Assigned task – When copying the data below, keep only the lines from the one with "Kadın İndigo Ajurlu Bolero YV115 fırsatları" through the one with "Printable 8 Player", word for word, and skip the pictures.

Data records –
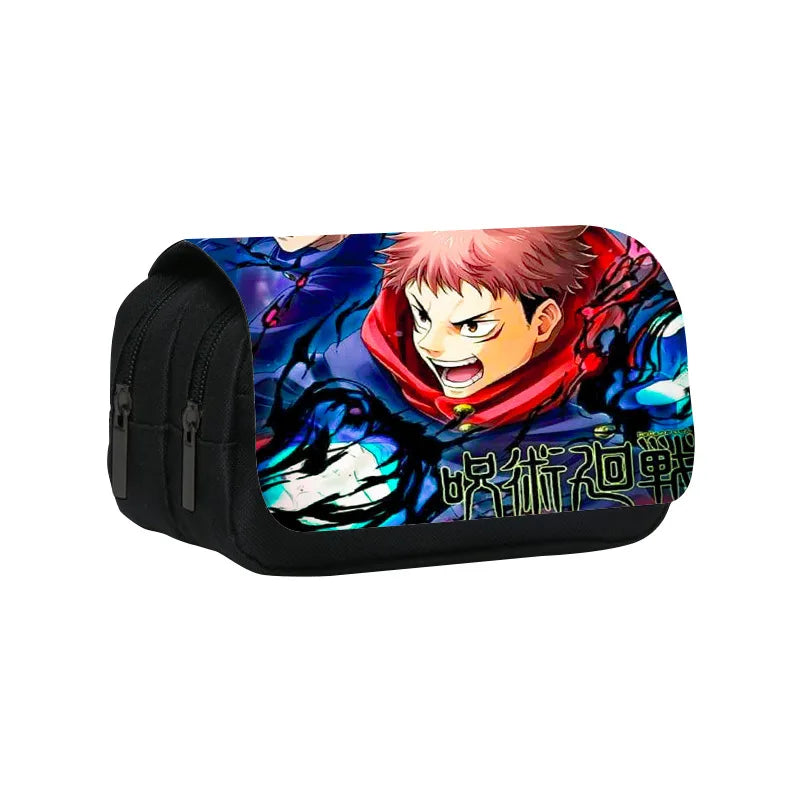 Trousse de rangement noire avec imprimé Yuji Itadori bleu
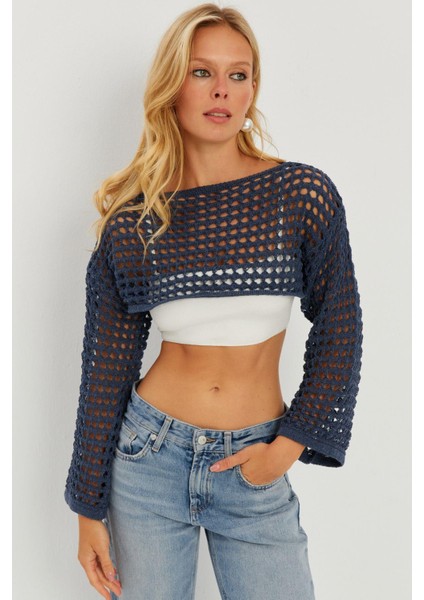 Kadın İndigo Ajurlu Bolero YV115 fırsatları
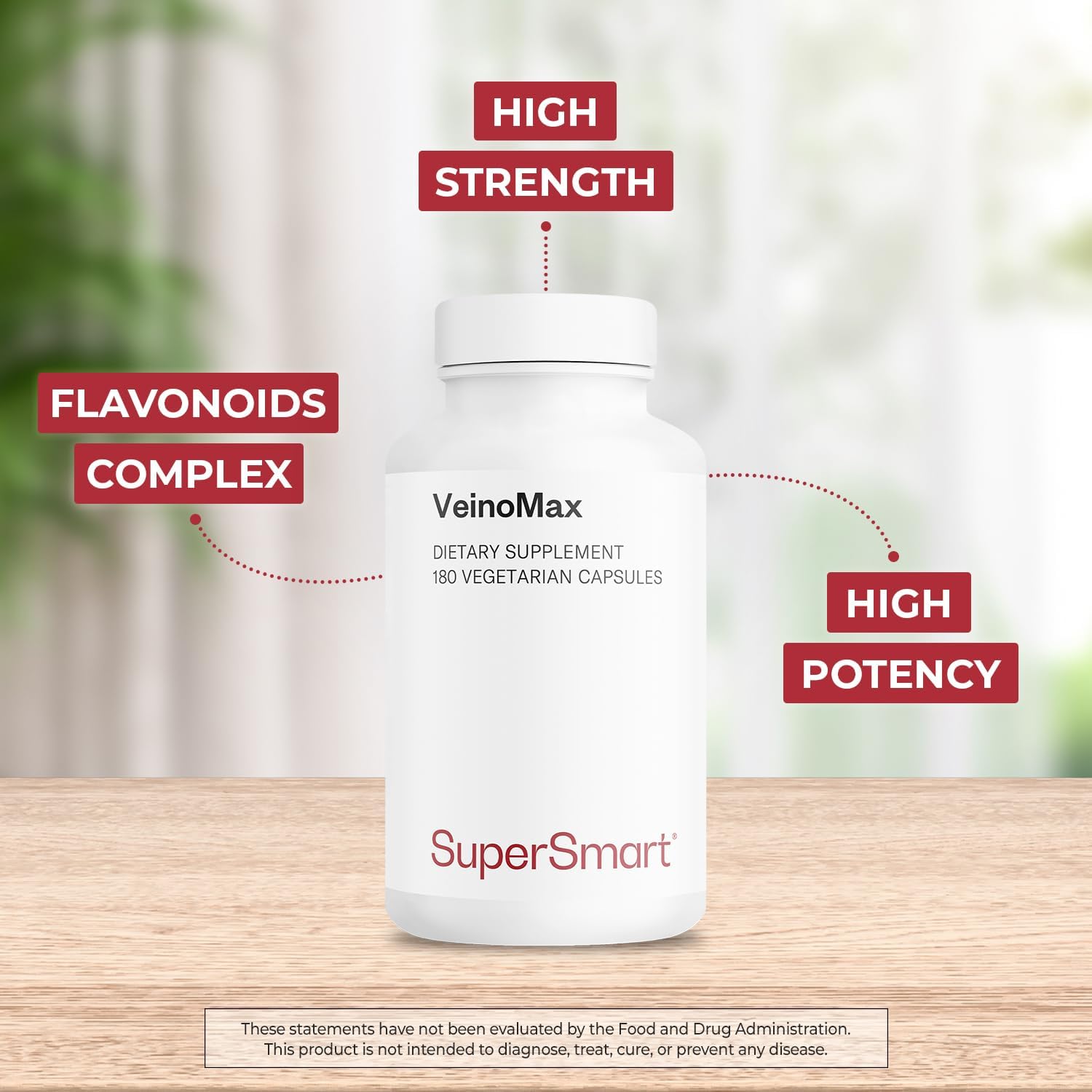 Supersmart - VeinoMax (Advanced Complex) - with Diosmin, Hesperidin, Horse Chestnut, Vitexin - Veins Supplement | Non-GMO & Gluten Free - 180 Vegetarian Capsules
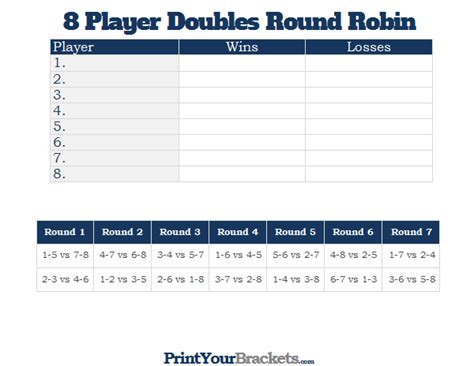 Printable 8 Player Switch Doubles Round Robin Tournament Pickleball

==

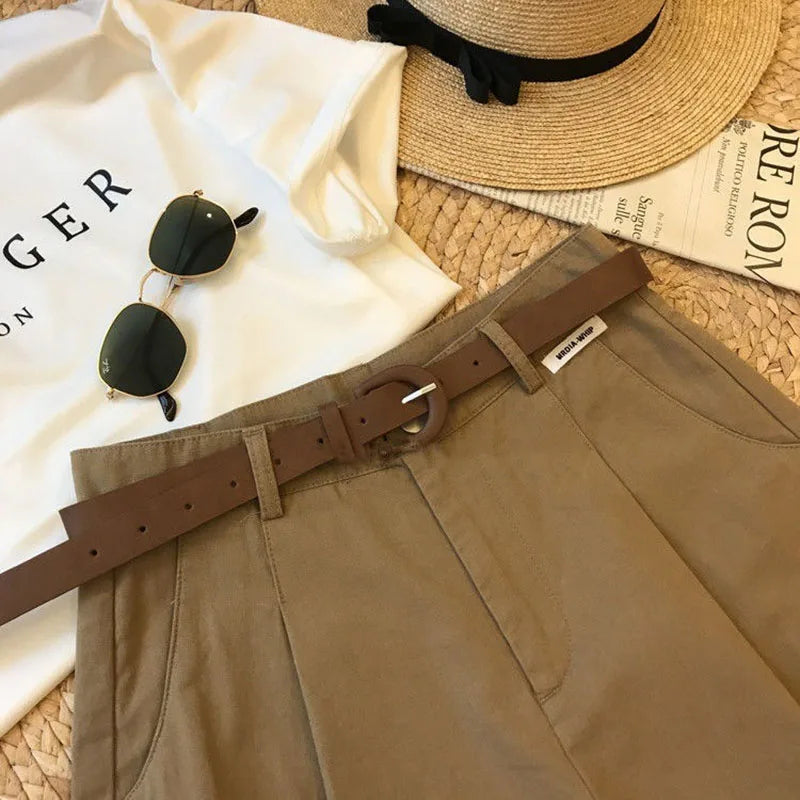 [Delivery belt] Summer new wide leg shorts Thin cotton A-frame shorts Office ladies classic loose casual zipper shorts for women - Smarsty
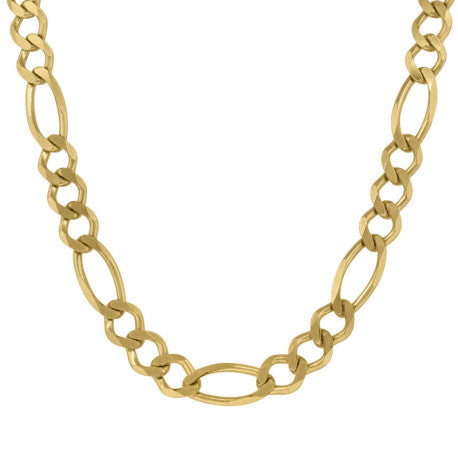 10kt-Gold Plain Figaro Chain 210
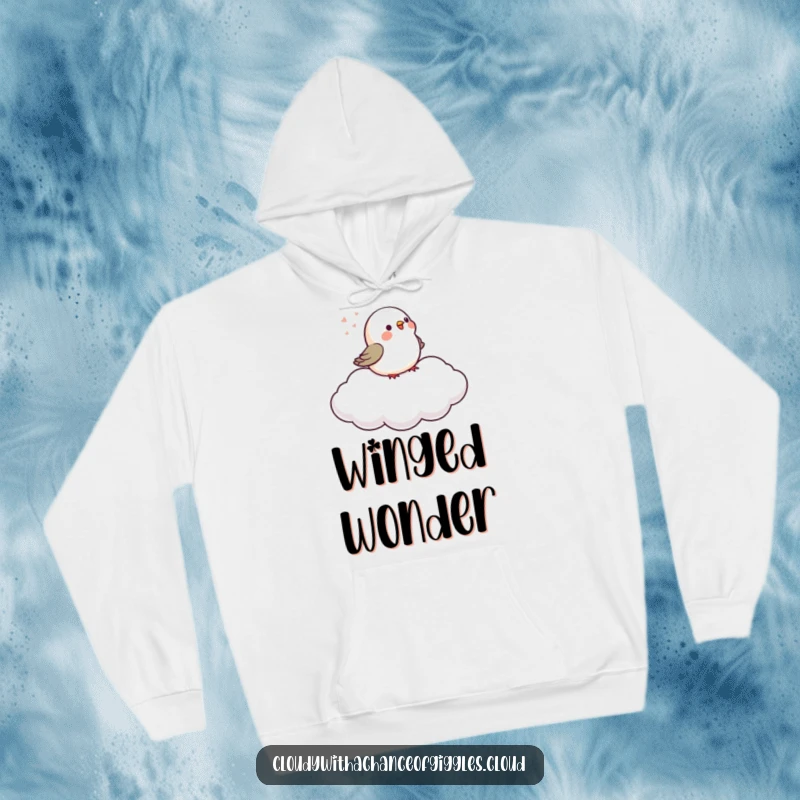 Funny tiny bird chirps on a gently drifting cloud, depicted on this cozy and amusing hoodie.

==

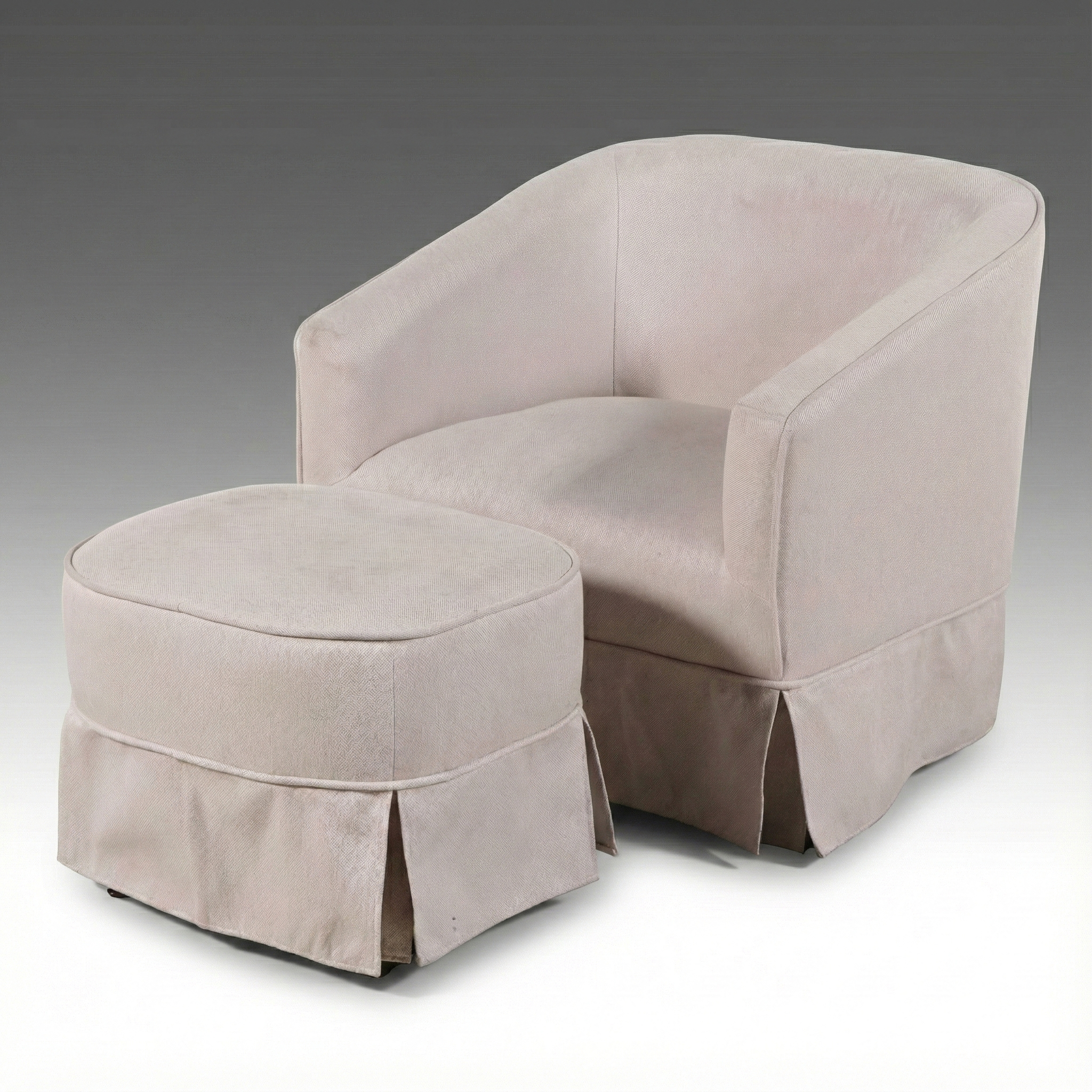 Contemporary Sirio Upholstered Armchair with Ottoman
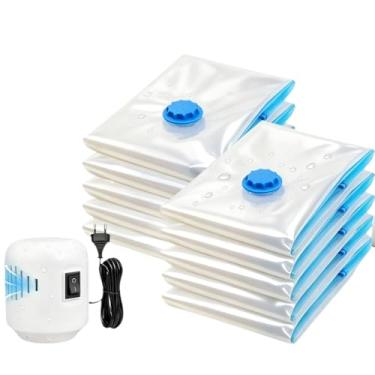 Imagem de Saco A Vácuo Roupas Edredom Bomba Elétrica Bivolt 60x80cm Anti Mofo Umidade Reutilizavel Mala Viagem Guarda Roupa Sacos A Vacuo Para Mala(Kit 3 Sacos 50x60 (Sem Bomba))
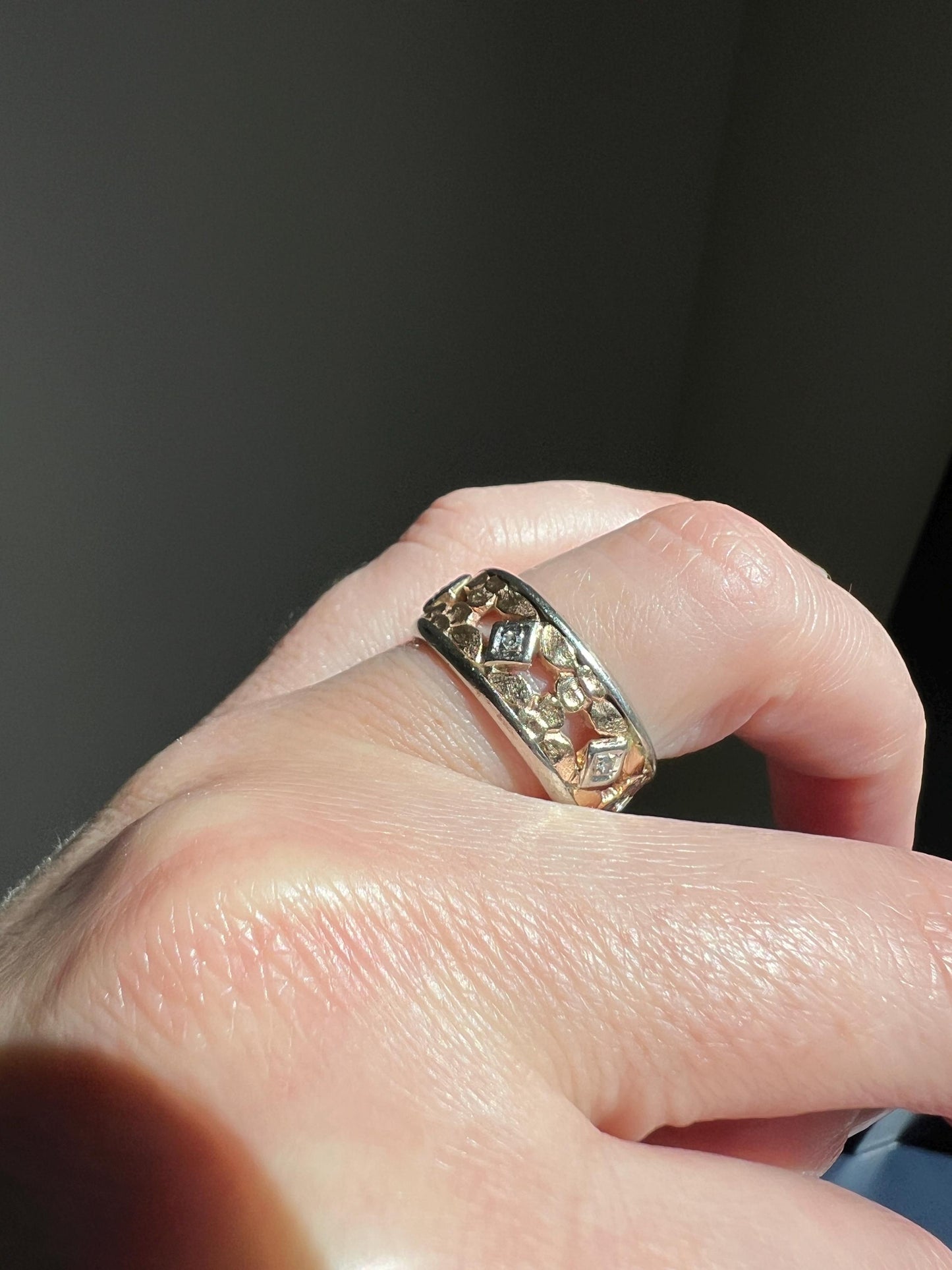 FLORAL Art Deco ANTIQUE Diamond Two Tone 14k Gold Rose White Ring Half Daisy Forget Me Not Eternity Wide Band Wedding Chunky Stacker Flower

Answer for this exercise –
 Kadın İndigo Ajurlu Bolero YV115 fırsatları
 Supersmart - VeinoMax (Advanced Complex) - with Diosmin, Hesperidin, Horse Chestnut, Vitexin - Veins Supplement | Non-GMO & Gluten Free - 180 Vegetarian Capsules
 Printable 8 Player Switch Doubles Round Robin Tournament Pickleball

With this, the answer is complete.